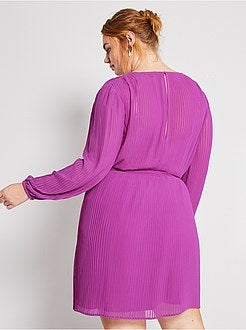 Vestido plissado cruzado - Kiabi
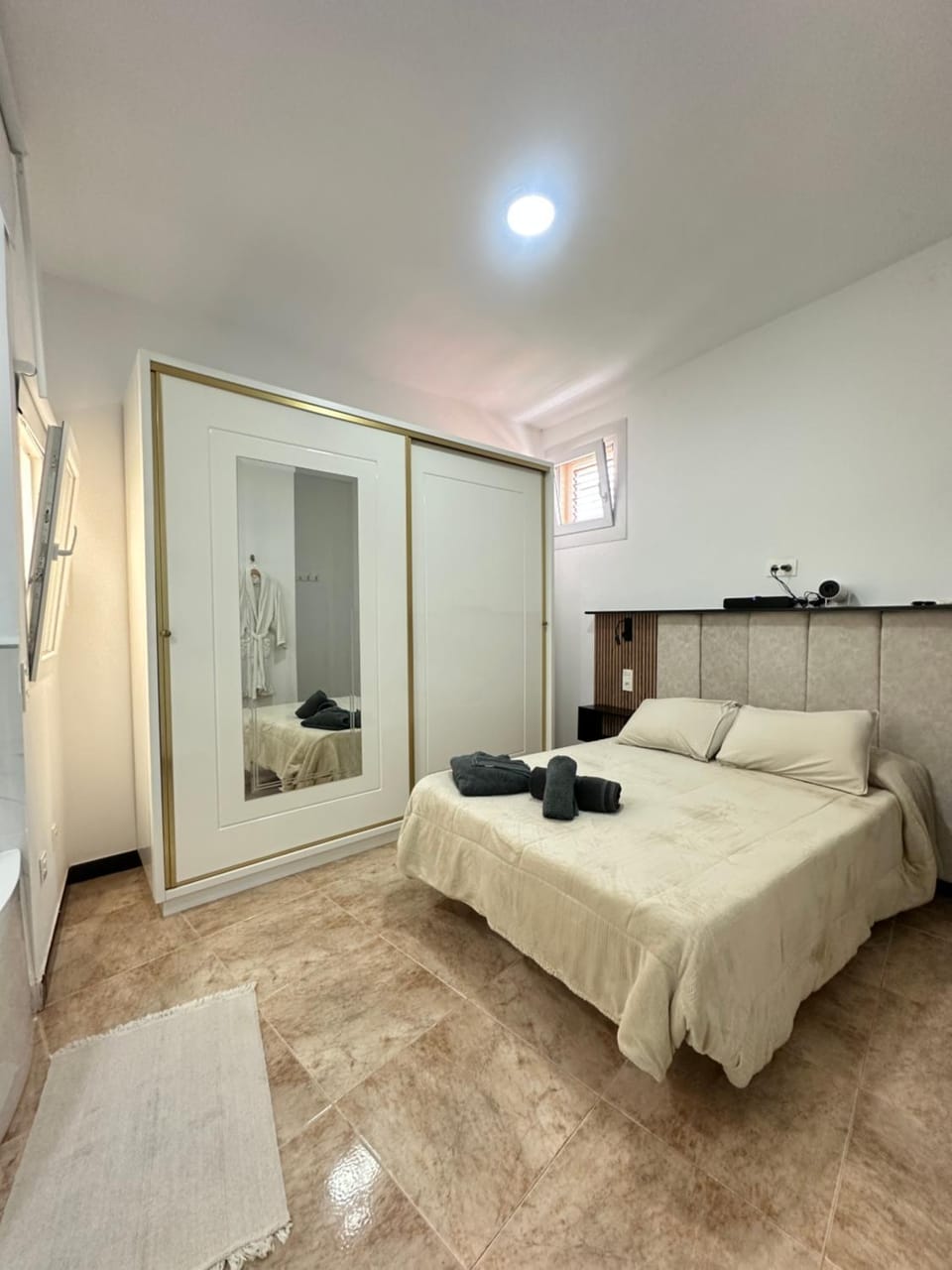 Bed, Photo of the whole room, Bedroom, towels, wardrobe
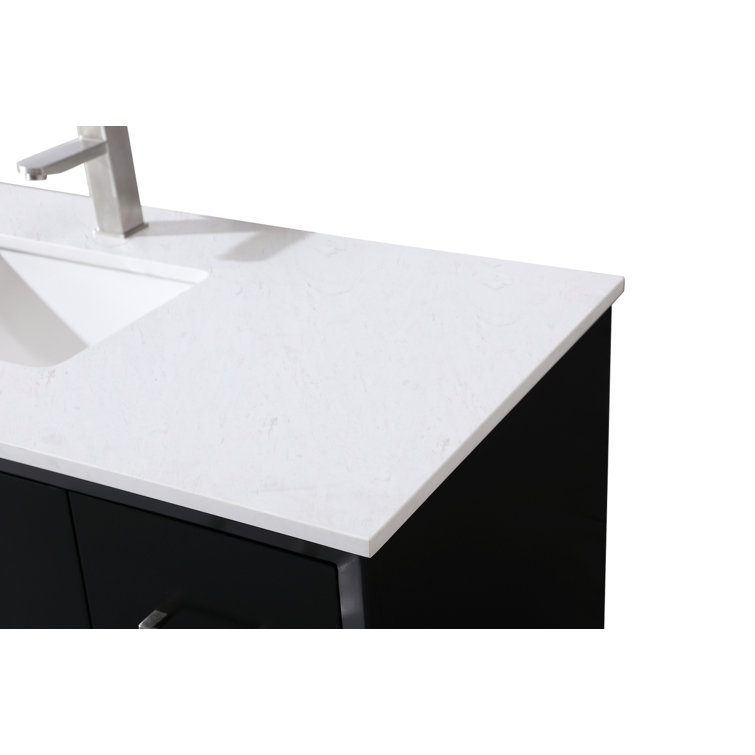 Hayes 84'' Black Double Vanity with Engineered Marble Top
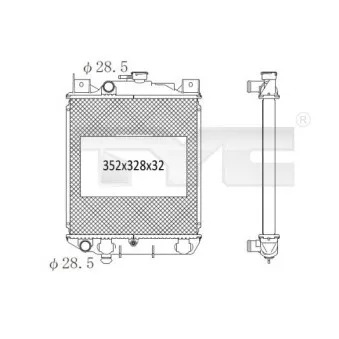 Radiateur, refroidissement du moteur TYC 735-1008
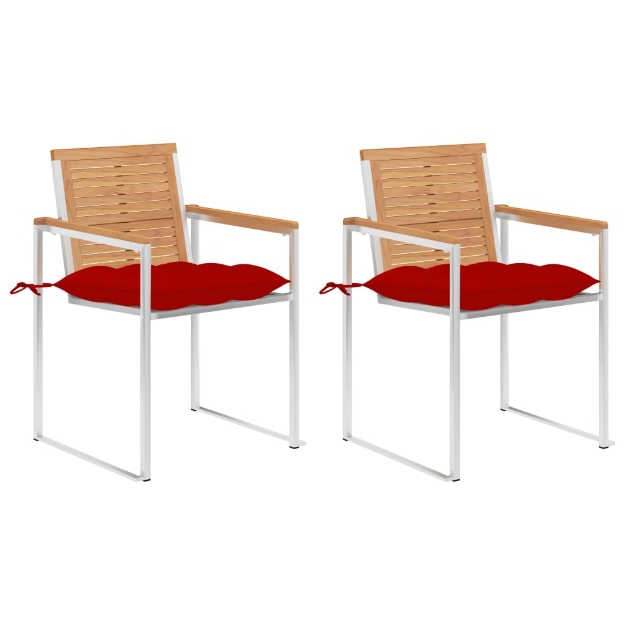 Sedie da Giardino 2 pz con Cuscini in Legno di Teak e Acciaio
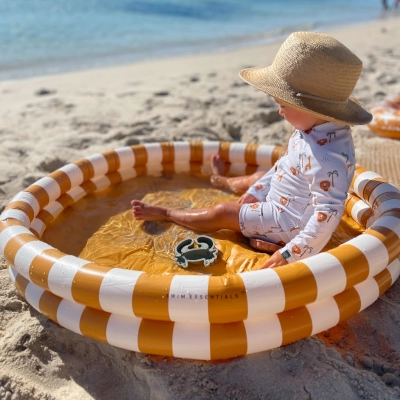 Kinder Zwembad Geel Wit Gestreept Ø 100 cm - 1 Kinder Zwembad Geel Wit Gestreept Ø 100 cm
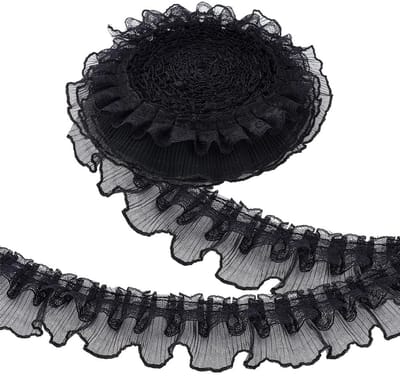 Dailygoods- Kantband Dubbellaags 10 Yards - Gotische Bloemen - Bruiloft - Polyester Stof - 6 cm Breed - Zwart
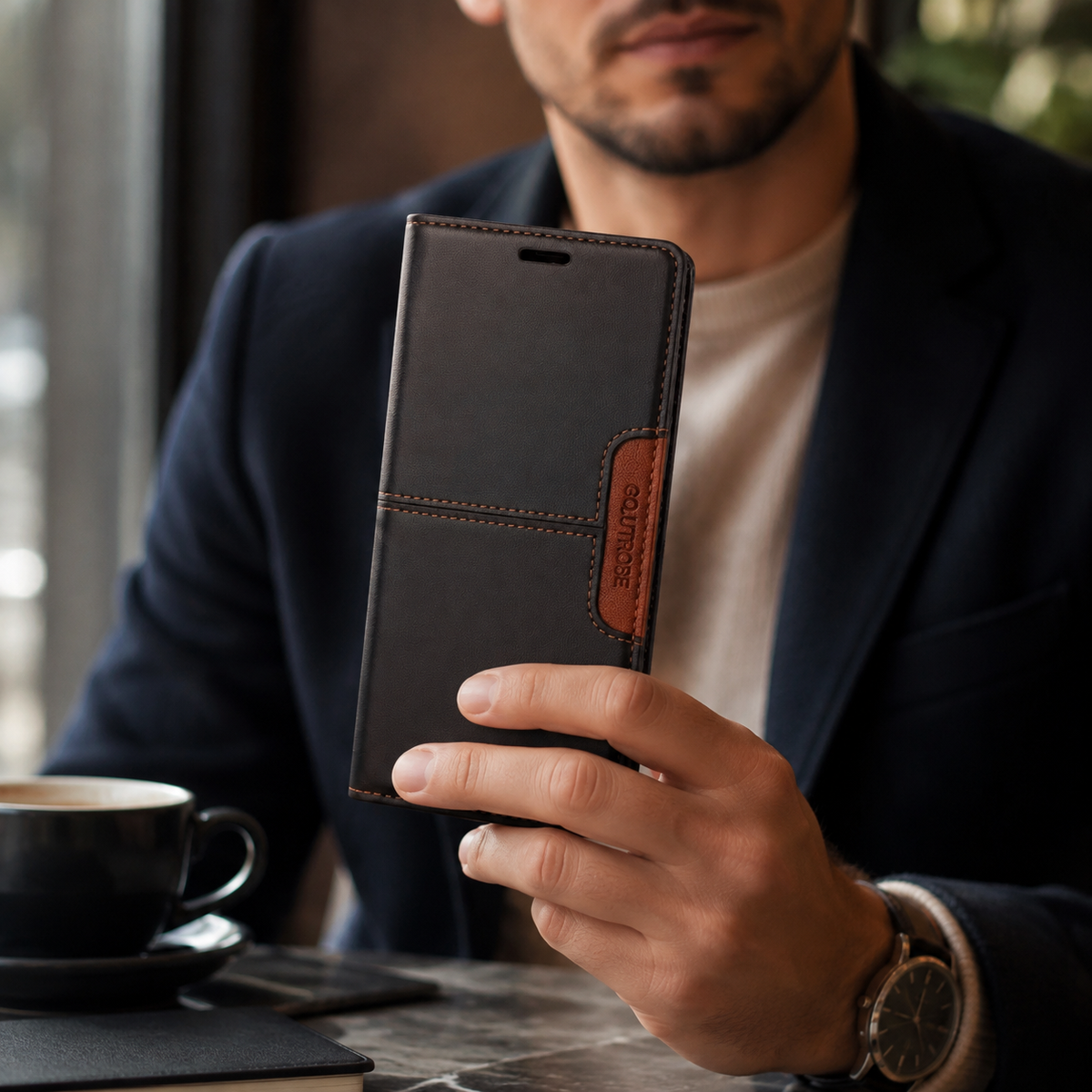 Premium iPhone Case Leather Wallet RFID Card Holder Magnetic Shockproof Protective Cover Kickstand Anti Fingerprint Anti Scratch Non Slip Full Coverage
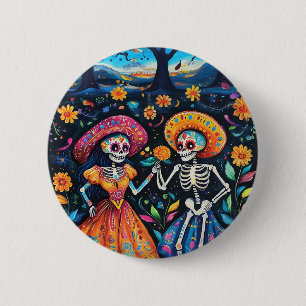 Chapa Redonda De 5 Cm Día del diseño colorido muerto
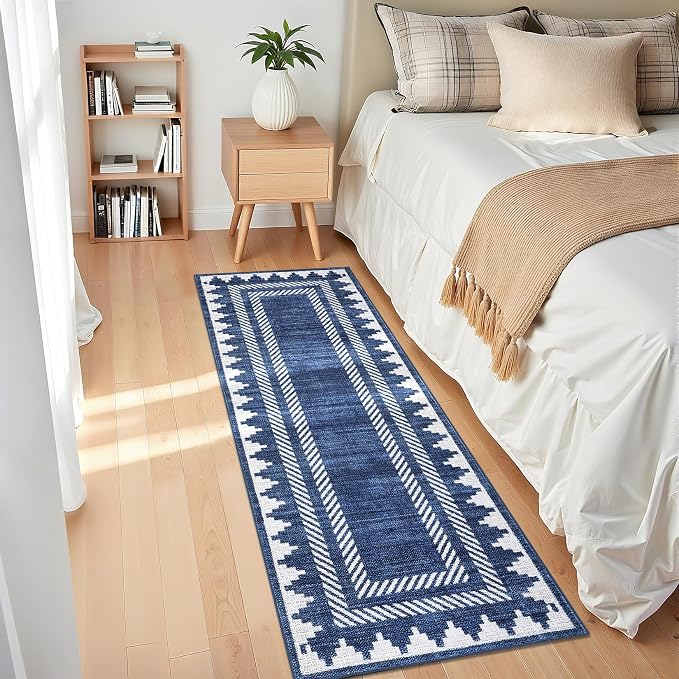 GarveeHome Modern Geometric Runner Rug 2x6 Washable Hallway Runner Bordered Neutral Bathroom Rug Non Slip, Non Shedding Stain-Resistant Kitchen Mat, Soft Low Pile Neutral Carpet for Laundry, Blue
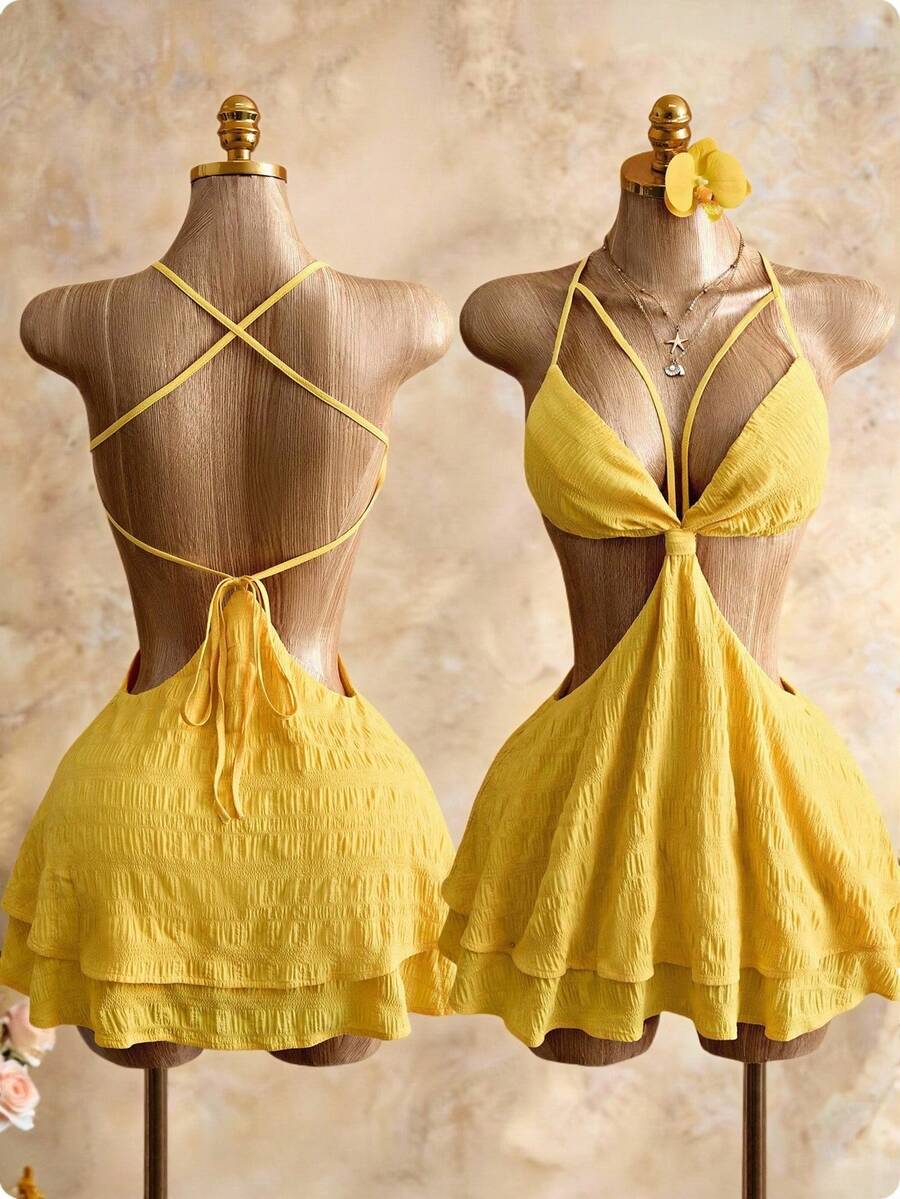 Bellisia Đầm nữ màu trơn tối giản khoét eo, đầm hè, đầm hè cho nữ, đầm hè, trang phục hè, quần áo hè, trang phục hè cho nữ, trang phục nghỉ hè, trang phục hè cho nữ, đầm vàng đi biển, đầm vàng đi nghỉ mát dự tiệc - Màu vàng - Xem 1
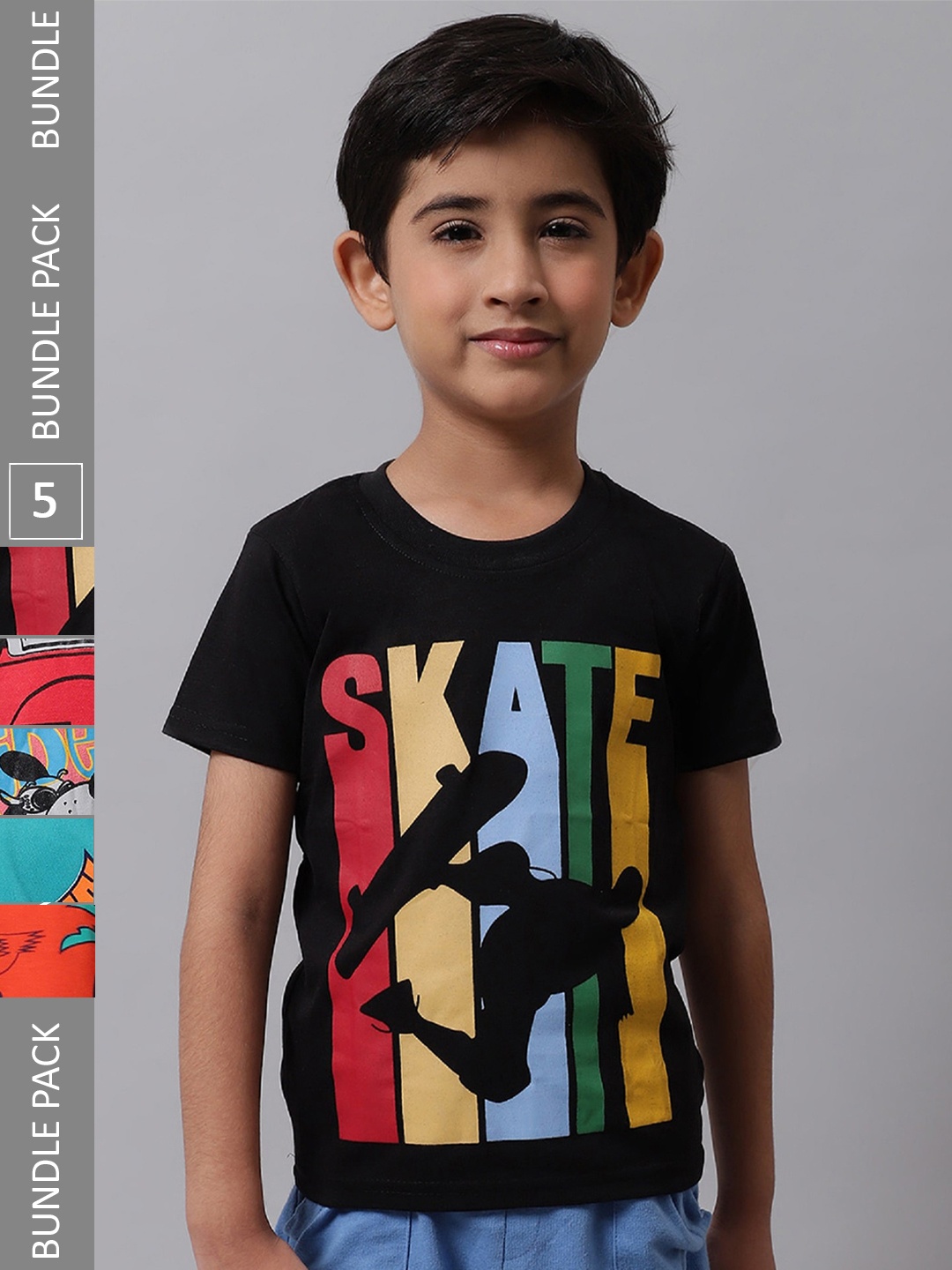 BAESD Boys Pack Of 5 Typography Printed Cotton T-shirt, Black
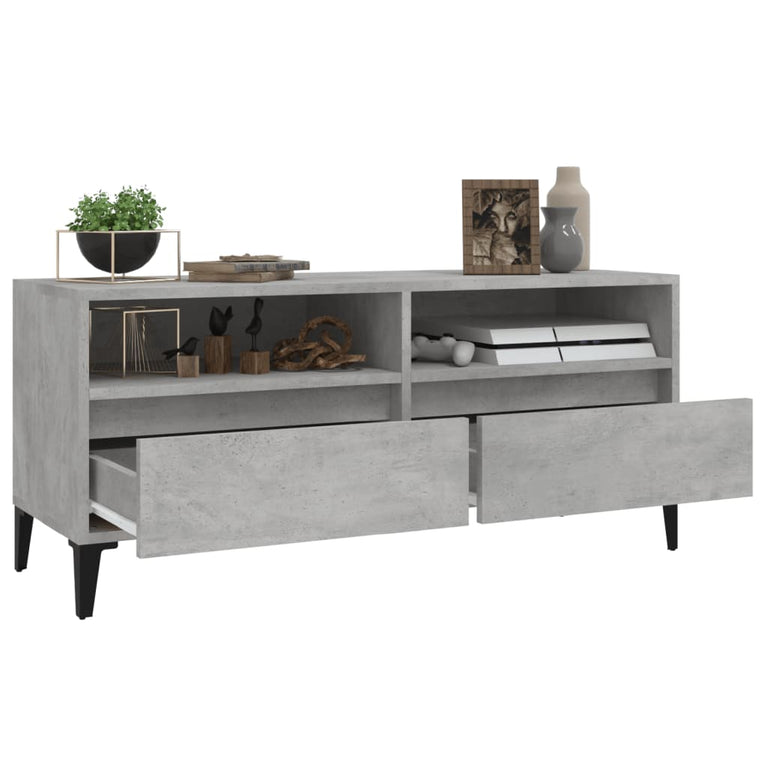 Tv-meubel 100x34,5x44,5 cm bewerkt hout betongrijs MeubelReus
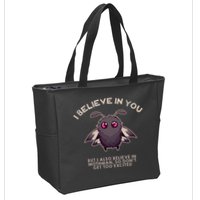I Believe In You But I Also Believe In Mothman Funny Cryptid Zip Tote Bag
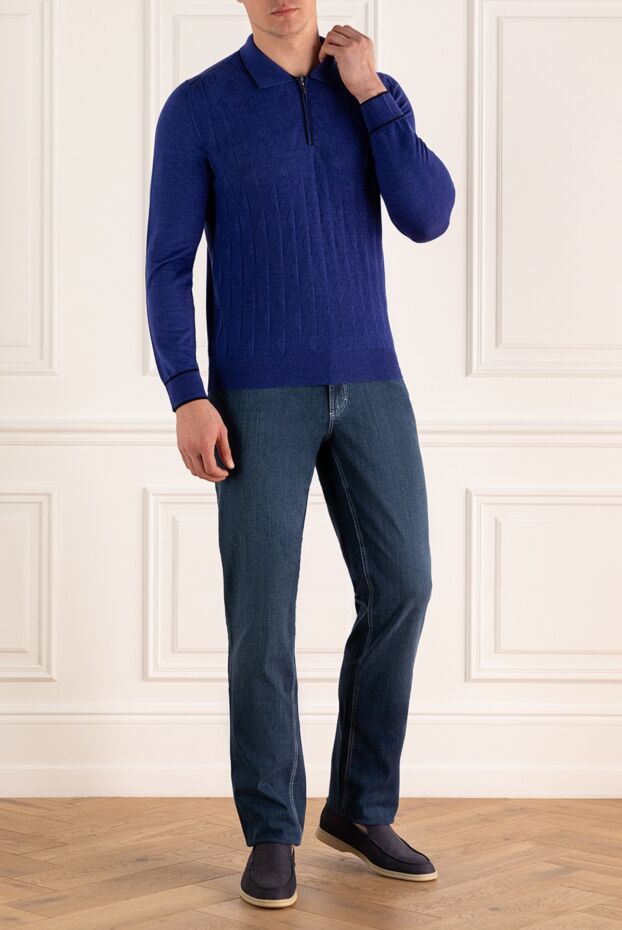 Zilli straight-leg cotton jeans with blue decorative seam
 148382 - photo 2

• _Task directions_: Look back at the data above, then output exactly the lines from the line holding "Bed, Photo of" up to and including the line holding "Premium iPhone Case". Leave out the pictures.

• _Task answer_:
 Bed, Photo of the whole room, Bedroom, towels, wardrobe
 Hayes 84'' Black Double Vanity with Engineered Marble Top
 Radiateur, refroidissement du moteur TYC 735-1008
 Sedie da Giardino 2 pz con Cuscini in Legno di Teak e Acciaio
 Kinder Zwembad Geel Wit Gestreept Ø 100 cm - 1 Kinder Zwembad Geel Wit Gestreept Ø 100 cm
 Dailygoods- Kantband Dubbellaags 10 Yards - Gotische Bloemen - Bruiloft - Polyester Stof - 6 cm Breed - Zwart
 Premium iPhone Case Leather Wallet RFID Card Holder Magnetic Shockproof Protective Cover Kickstand Anti Fingerprint Anti Scratch Non Slip Full Coverage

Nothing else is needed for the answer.